Background: Paediatric acute kidney injury (AKI) is common and linked to longer hospitalisation and mortality. We investigated whether a continuous intraoperative infusion of dexmedetomidine, which increases renal blood flow, was associated with a lower risk of postoperative AKI in paediatric patients undergoing noncardiac surgery.
Methods: This retrospective cohort study included paediatric patients undergoing noncardiac surgery between January 2019 and July 2021. Propensity score matching, based on the participants' baseline characteristics, was used to minimise the potential bias. The primary outcome was AKI within 7 days after surgery. The secondary outcomes included ICU admission, in-hospital mortality, length of hospitalisation, intraoperative bradycardia, and hypotension. The exposure of interest was continuous intraoperative infusion of dexmedetomidine at any dosage or duration. Multivariable logistic regression and linear regression analyses were further used to adjust for residual imbalanced intraoperative factors in the matched cohort.

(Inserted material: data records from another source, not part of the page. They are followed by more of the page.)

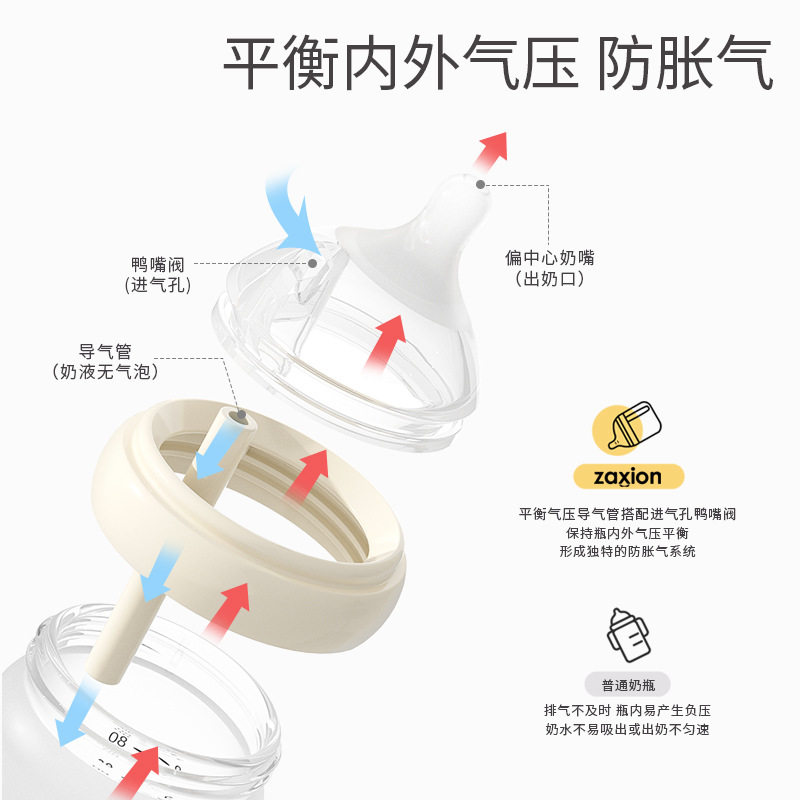 小仔象新生婴儿玻璃奶瓶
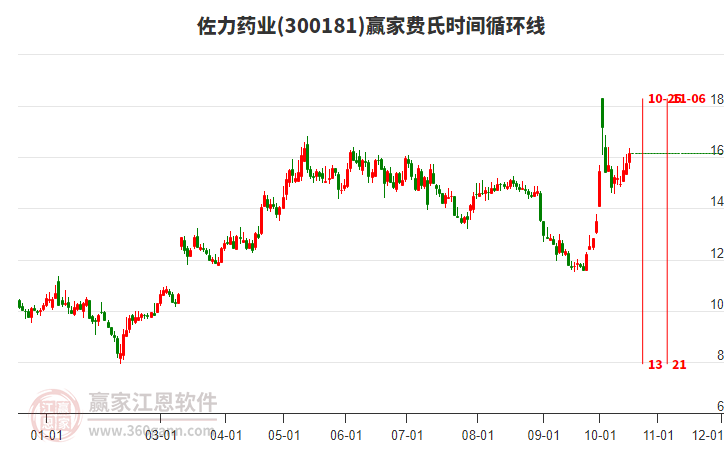 300181佐力药业赢家费氏时间循环线工具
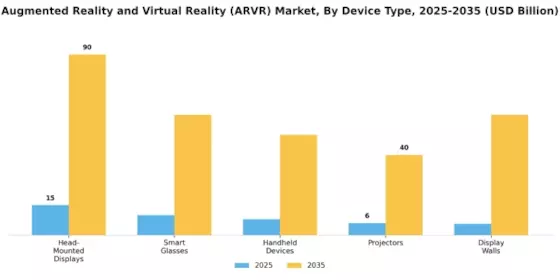 Augmented Reality Virtual Reality Market Segment Image 1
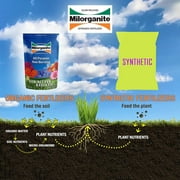 Milorganite Natural Fertilizer with Salt-free and eco-friendly, 5 lbs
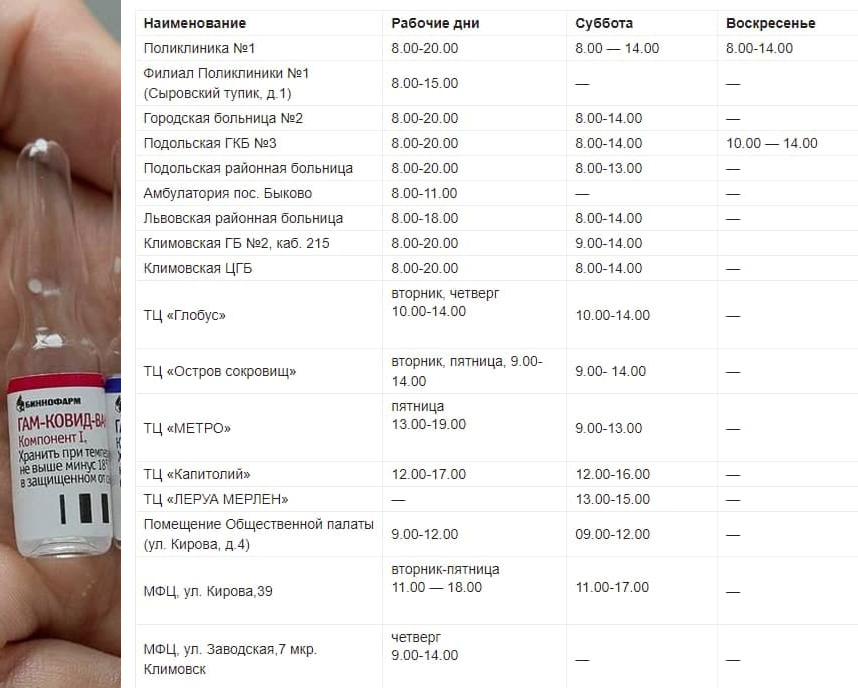 График работы пунктов вакцинации в Подольске с 20 по 26 сентября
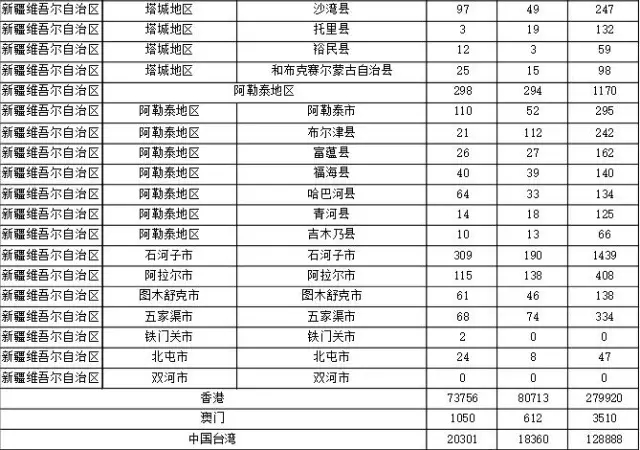 2015年各省、自治區(qū)、直轄市商標(biāo)申請(qǐng)與注冊(cè)統(tǒng)計(jì)表 （附表單）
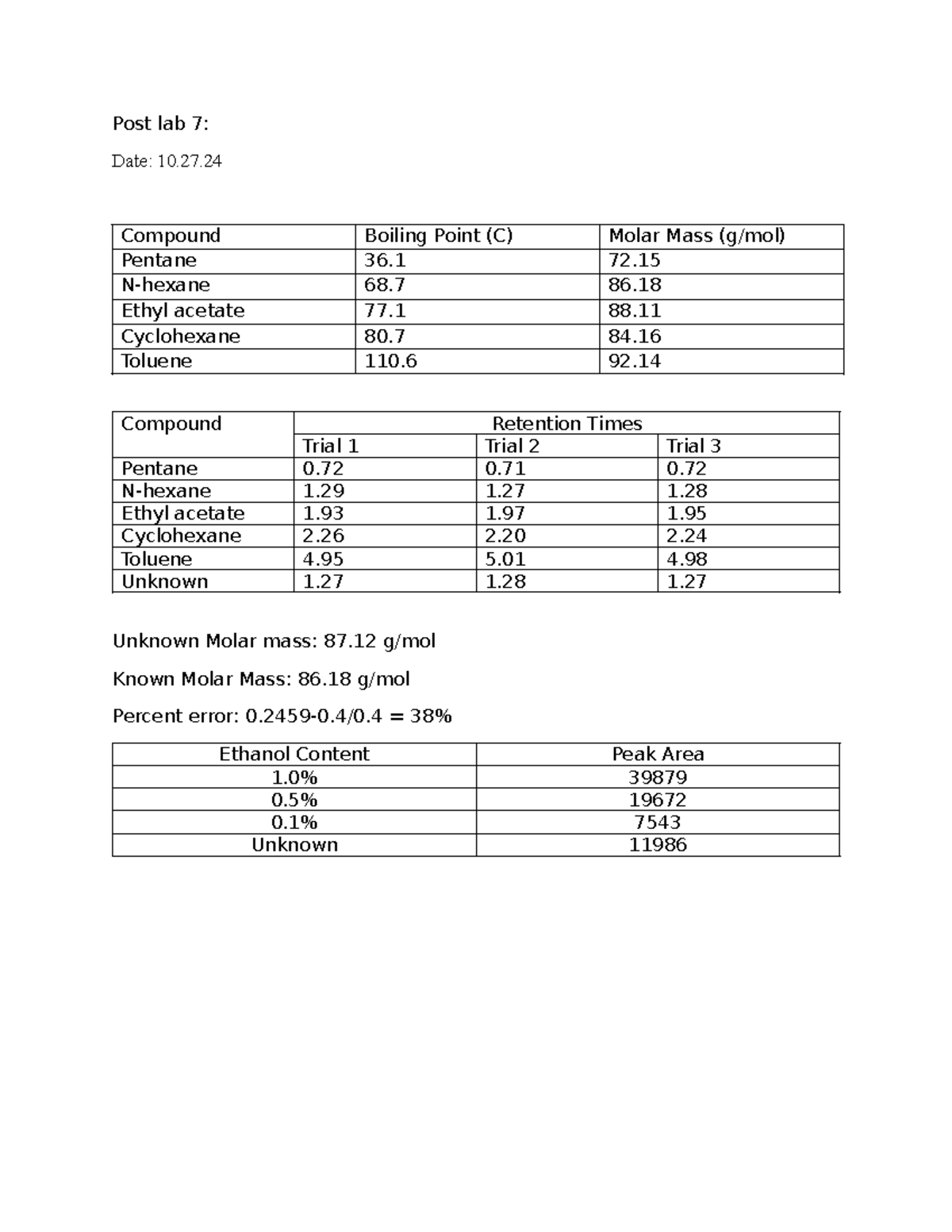 Post lab 7 - got an A - Post lab 7: Date: 10. Compound Boiling Point (C ...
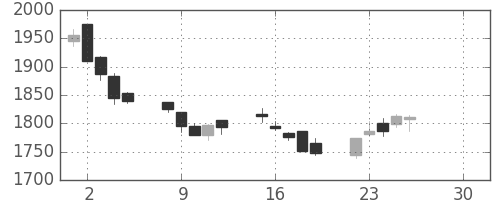東急の日足チャート(2019年4月)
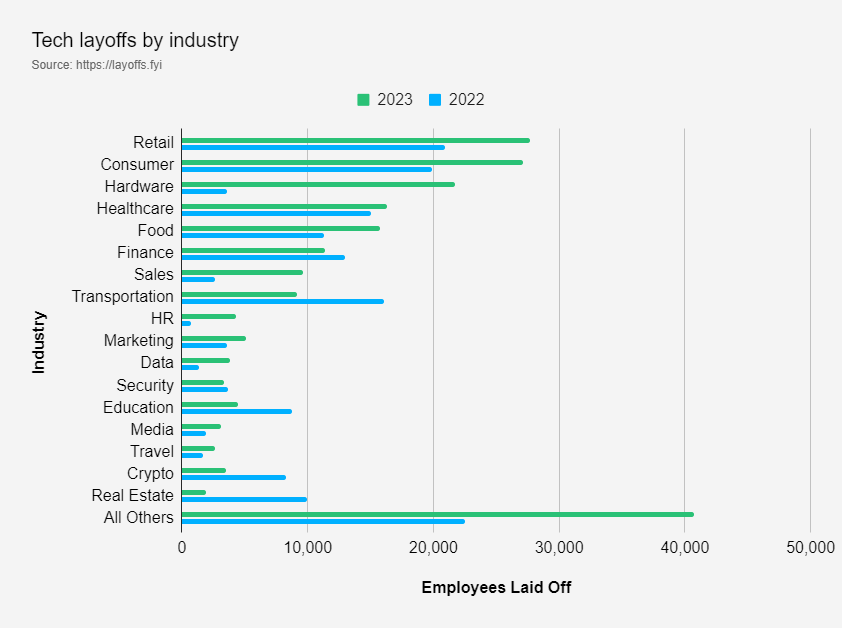 全球科技企業(yè)裁員同比暴增 37%，創(chuàng)歷史新高！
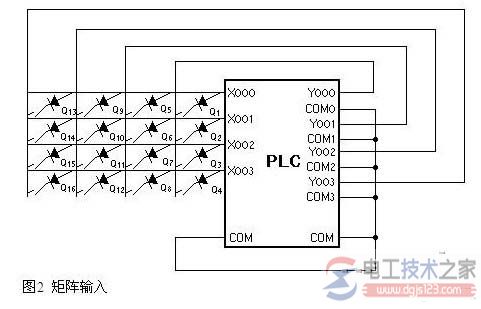三菱plc节省输入输出点数的方法3
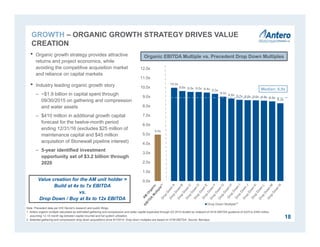 GROWTH – ORGANIC GROWTH STRATEGY DRIVES VALUE
CREATION
18
• Organic growth strategy provides attractive
returns and project economics, while
avoiding the competitive acquisition market
and reliance on capital markets
• Industry leading organic growth story
– ~$1.9 billion in capital spent through
09/30/2015 on gathering and compression
and water assets
– $410 million in additional growth capital
forecast for the twelve-month period
ending 12/31/16 (excludes $25 million of
maintenance capital and $45 million
acquisition of Stonewall pipeline interest)
– 5-year identified investment
opportunity set of $3.2 billion through
2020
Note: Precedent data per IHS Herold’s research and public filings.
1. Antero organic multiple calculated as estimated gathering and compression and water capital expended through Q3 2015 divided by midpoint of 2016 EBITDA guidance of $325 to $350 million,
assuming 12-15 month lag between capital incurred and full system utilization.
2. Selected gathering and compression drop down acquisitions since 6/1/2014. Drop down multiples are based on NTM EBITDA. Source: Barclays.
5.0x
10.0x
9.6x 9.5x 9.5x 9.4x 9.3x
9.0x
8.8x 8.7x 8.6x 8.6x 8.6x 8.5x
8.3x
0.0x
1.0x
2.0x
3.0x
4.0x
5.0x
6.0x
7.0x
8.0x
9.0x
10.0x
11.0x
12.0x
Drop Down Multiple(2)
Organic EBITDA Multiple vs. Precedent Drop Down Multiples
Median: 8.9x
Value creation for the AM unit holder =
Build at 4x to 7x EBITDA
vs.
Drop Down / Buy at 8x to 12x EBITDA
 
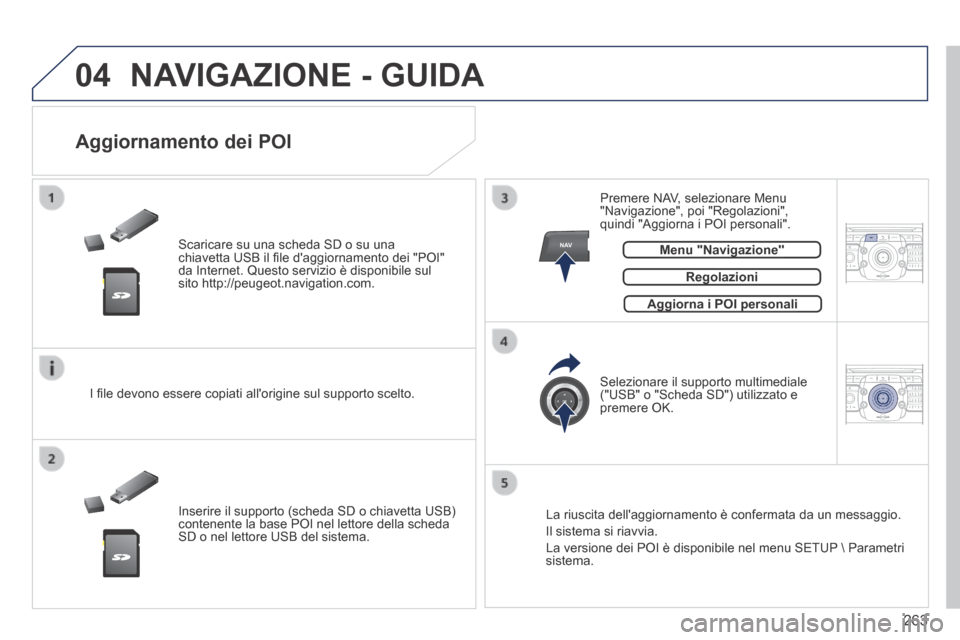 Peugeot 3008 Hybrid 4 2013.5  Manuale del proprietario (in Italian) 04
NAV2AB C3DEF5JKL4GHI6MNO8TUV7PQR S9WXYZ0*#
1RADIO MEDIA NA
V TRAFFIC
SETUPADDR
BOOK
2ABC3DEF5JKL4GHI6MNO8TUV7PQR S9WXYZ0*#
1RADIO MEDIA NA
V TRAFFIC
SETUPADDR
BOOK
263
 NAVIGAZIONE - GUIDA 
  Scari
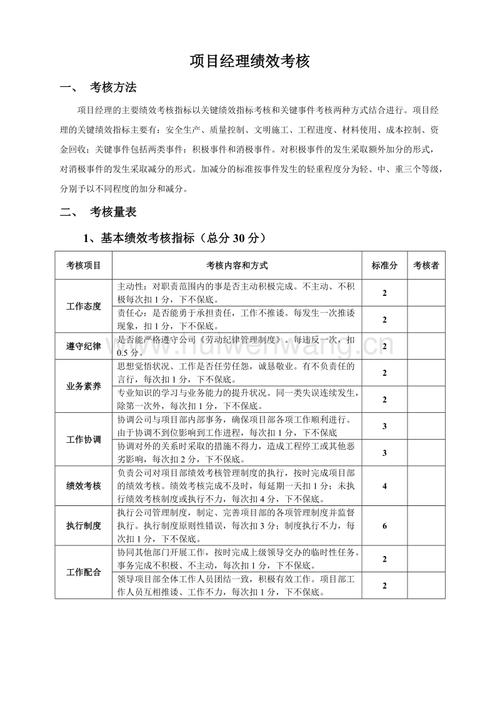 进入事业单位的考核考察都是哪些方面？建筑项目自我考评-图2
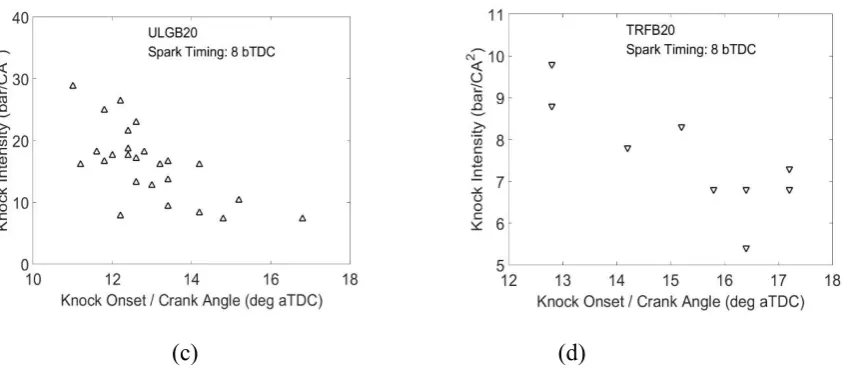 Figure 13. Knock intensities versus corresponding knock onsets of the identified knocking 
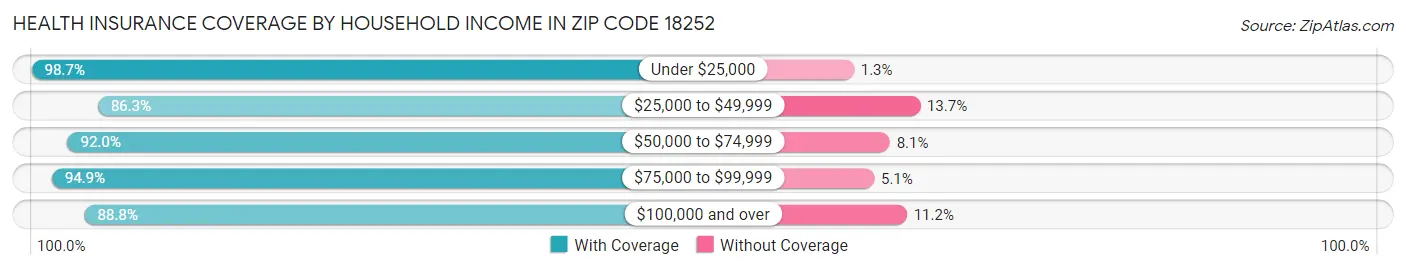 Health Insurance Coverage by Household Income in Zip Code 18252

Results: After propensity score matching, we identified 1858/4091 paediatric patients who had received intraoperative dexmedetomidine infusion. Intraoperative dexmedetomidine infusion was associated with a lower risk of AKI (1.4% vs 3.2%; odds ratio 0.43, 95% confidence interval 0.27-0.66; P<0.001), postoperative ICU admission (odds ratio 0.35, 95% confidence interval 0.30-0.42; P<0.001), and shorter hospitalisation (7 [5-10] vs 9 [6-13] days; P<0.001). Intraoperative bradycardia, hypotension, and in-hospital mortality were similar between the matched groups.
Conclusions: This retrospective analysis of a single-centre paediatric noncardiac surgery cohort suggests that intraoperative dexmedetomidine infusion was associated with a lower incidence of AKI within 7 days after surgery.
Clinical Trial Registration: ChiCTR2300069115.